Question

What is the area of a regular hexagon circumscribed inside a circle with a radius of $1?$

Answer 1

Hint: We will cut the given regular hexagon into six pieces of equilateral triangles. Then we will use the Heron’s formula to find the area of one triangle since each triangle is similar to each other. And then we can multiply this area with six to get the total area of the regular hexagon.

Complete step-by-step answer:
Let us consider the given problem. We are asked to find the area of a regular hexagon circumscribed inside a circle of radius $1$ unit.

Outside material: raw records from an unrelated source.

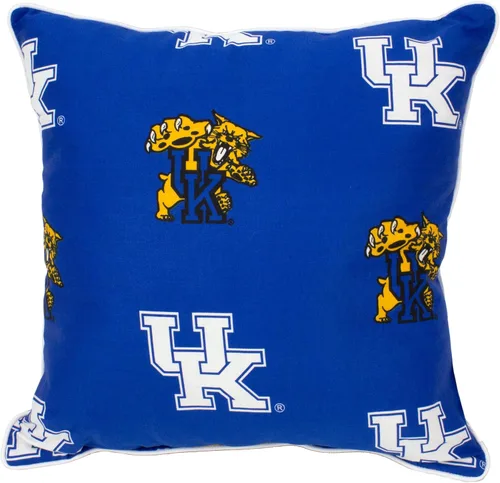 Vista 19 de College Covers Everything Comfy Connecticut Huskies 16" x 16" Decorative Pillow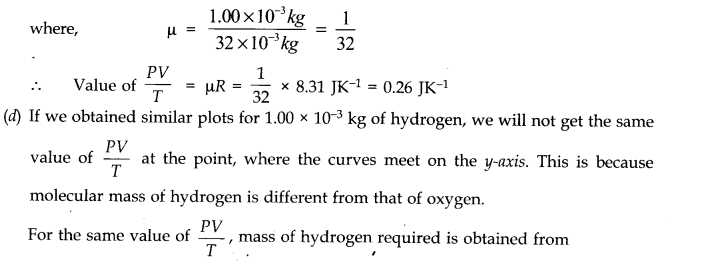 NCERT Solutions for Class 11 Physics Chapter 13 Kinetic Theory Q3.1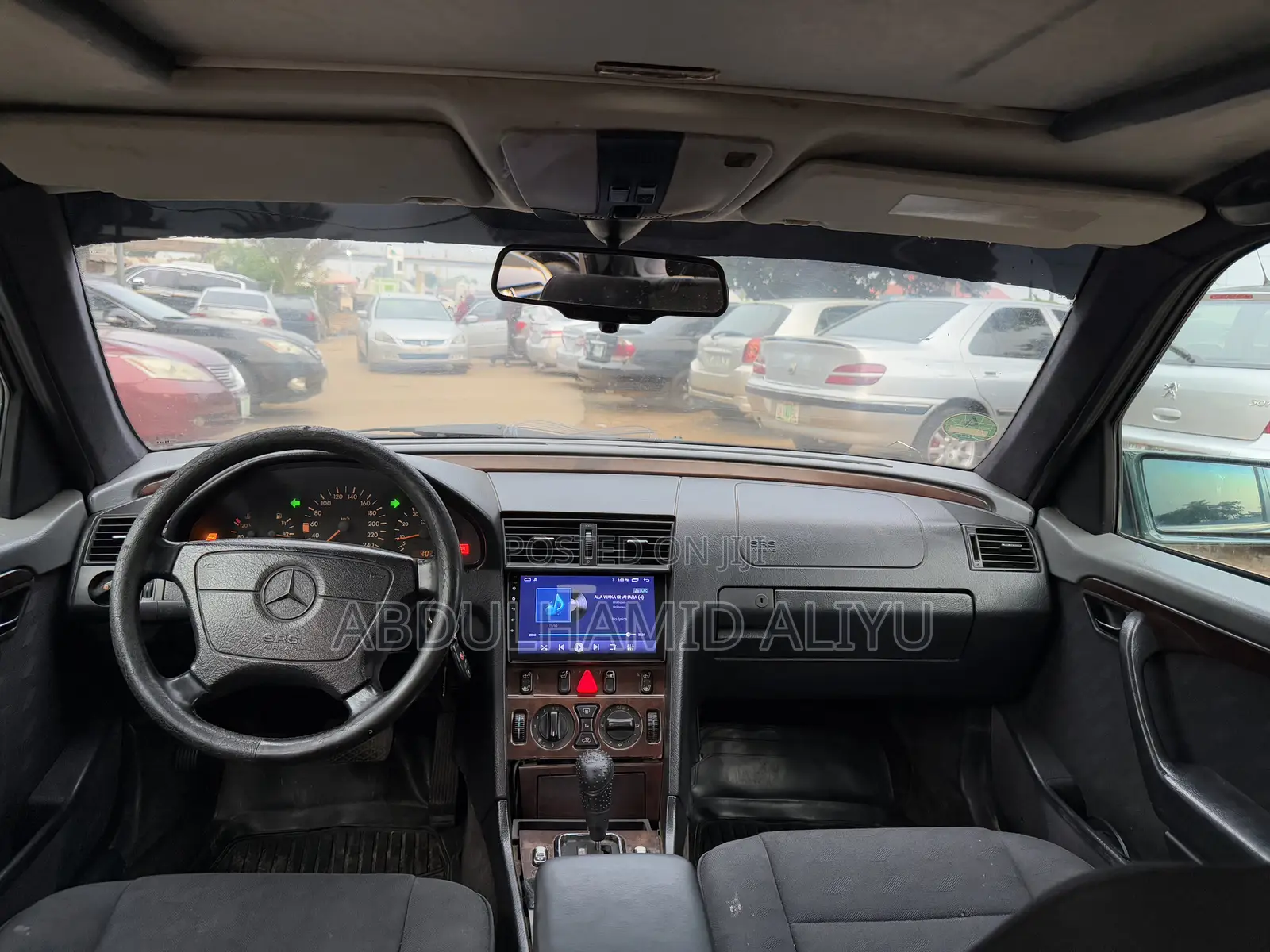 Mercedes-Benz C200 2002 Green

So, that means, each side of the hexagon is equal to $1$ unit.
Now, let us divide the hexagon into six equilateral triangles.
Now, we will consider only one of the six equilateral triangles.
Since it is an equilateral triangle, all sides are equal to $1$ unit.
Therefore, the perimeter of the triangle is equal to $2s=3.$
We will get, the half of the perimeter $s=\dfrac{3}{2}.$
Now, we will use the Heron’s formula to find the area of the triangle.
We will get $area=\sqrt{\dfrac{3}{2}\left( \dfrac{3}{2}-1 \right)\left( \dfrac{3}{2}-1 \right)\left( \dfrac{3}{2}-1 \right)}.$
This will give us $area=\sqrt{\dfrac{3}{2}\dfrac{1}{2}\dfrac{1}{2}\dfrac{1}{2}}=\sqrt{\dfrac{3}{16}}.$
And now we will get, the area of the triangle is equal to $area=\dfrac{\sqrt{3}}{4}.$
Hence the total area of the regular hexagon is equal to $area=6\dfrac{\sqrt{3}}{4}=\dfrac{3\sqrt{3}}{2}$ square units.

Note: We know that the Heron’s formula to find the area of a triangle with sides $a,b$ and $c$ and perimeter $2s$ is given by $area=\sqrt{s\left( s-a \right)\left( s-b \right)\left( s-c \right)}.$ We can also divide the equilateral triangle into two right triangle, then use Pythagoras theorem to find the height and then we will use the formula $area=\dfrac{1}{2}bh$ to find the area then multiplying it with two will give us the area of the equilateral triangle. We can multiply it with six to get the total area of the given hexagon.